The designers of the new installment of “SOCOM” deserve enormous credit for the risk they’ve taken. For the first of the franchise’s titles on PlayStation 3, “SOCOM” is an online-only multiplayer that dispenses with a campaign mode and focuses exclusively on large-group deathmatch and team games. The benefits of this strategy are clear: It spends all the electronic firepower of a modern gaming system on graphics and physics in the online realm, acknowledging where most of the fun happens in conventional games.
The downside is also clear: The online-only approach immediately locks out players with no Internet connection and, just as dicey, relies on Sony’s PlayStation network, which is powered by a gerbil running on a wheel. There’s endless chat-room speculation about why Sony’s console network is so wretched — maybe because you don’t have to pay for it, as with Microsoft’s Xbox Live.
The fact remains that you’ll get better connectivity by plugging a kite string into your system and running it to a soup can. Military Times received a copy of “Confrontation” the day it launched, but after spending the obligatory two hours downloading the PS3 updates needed to run the game, I couldn’t actually play a match for another three days. Even then, the game still wasn’t tracking my kills or achievements. By the time it became somewhat reliable, “Confrontation” still froze and suffered from occasionally surreal bugs, as when I’d enter a game with no weapons or was killed by players who weren’t there.
When the network is being kind, “Confrontation” is an easy-to-play, extremely enjoyable game; so far, it’s the only title after “Rainbow Six: Vegas 2,” that could unseat “Call of Duty 4” as the alpha dog of multiplayer violence.
The designers have squeezed all the power out of the PlayStation 3 to create excellent graphics, used well in big, detailed maps. The game takes place in North Africa, but because it’s multiplayer only, there’s no plot — just a set of gunfight venues for SEALs and terrorists.

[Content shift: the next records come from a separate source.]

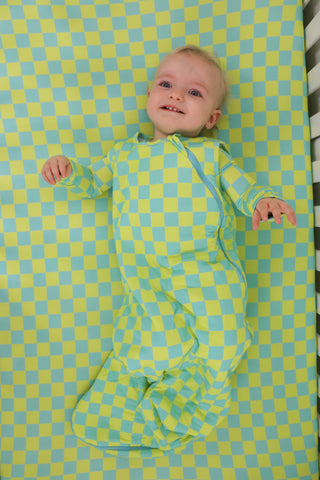 BE BOLD CHECKERS DREAM SLEEP SACK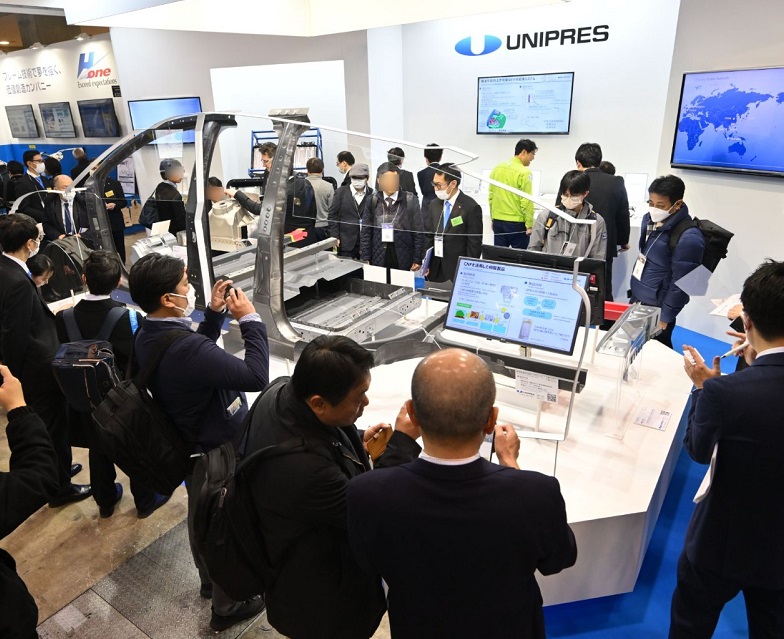 日本汽车技术展展会现场(现场盛况)4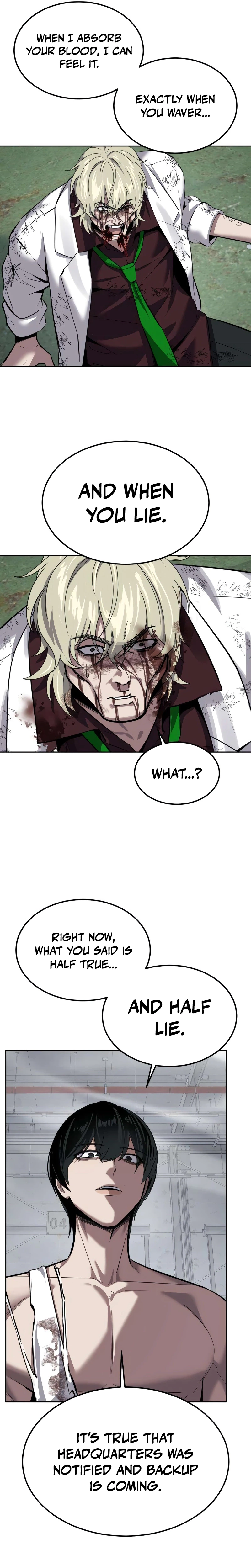Resurrection Boy Chapter 29, page 10 of 54
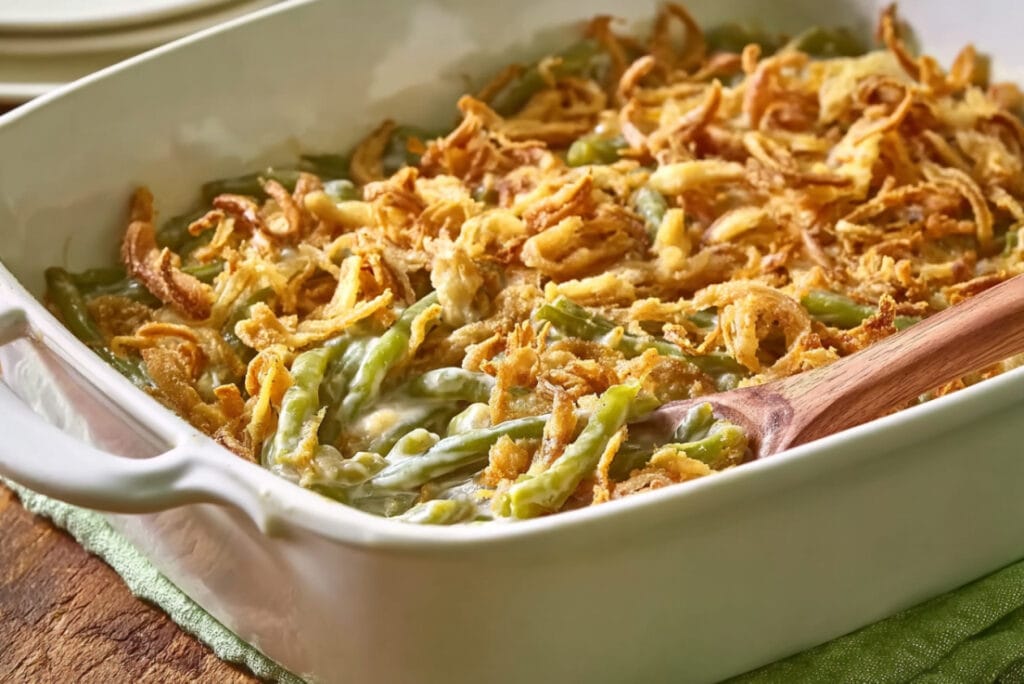 Green Bean Casserole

They are, by turns, apocalyptic, as in the bombed-out city, or gorgeous, as in the walled market town, and you can have day or night battles in each.
The sound design for “SOCOM” is superlative and will reward players who have good stereos hooked up to the TV. The ambient audio in each map is so detailed that if there’s a lull in the action, you can find bad guys by listening for their voices or even their footsteps.

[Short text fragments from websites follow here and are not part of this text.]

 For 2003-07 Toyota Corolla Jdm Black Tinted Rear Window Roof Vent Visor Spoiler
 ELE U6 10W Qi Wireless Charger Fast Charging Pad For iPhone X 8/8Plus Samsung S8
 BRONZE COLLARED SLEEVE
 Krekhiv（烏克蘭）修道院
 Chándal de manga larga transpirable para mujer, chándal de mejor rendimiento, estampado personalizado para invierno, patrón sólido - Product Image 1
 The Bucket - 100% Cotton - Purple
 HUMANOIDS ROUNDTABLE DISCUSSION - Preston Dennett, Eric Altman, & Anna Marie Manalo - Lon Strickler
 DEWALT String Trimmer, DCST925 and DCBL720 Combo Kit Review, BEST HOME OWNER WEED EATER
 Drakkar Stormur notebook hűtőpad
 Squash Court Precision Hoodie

If you’re close enough to other players in “Confrontation,” you can hear whatever they’re saying, even if they haven’t keyed their radio or aren’t on your team. This means that players who are listening to music bleed tell-tale noise through their headsets, which can make them easy to track if the map is quiet.
Like its predecessors, one version of the new game comes with a headset for talking live with your teammates — this time, it’s a Bluetooth earpiece you can also use with your cell phone, if you’re down with the Starfleet look.
In another nod to aggressive gamers, you can taunt guys you’ve just killed by doing a little jig over their bodies.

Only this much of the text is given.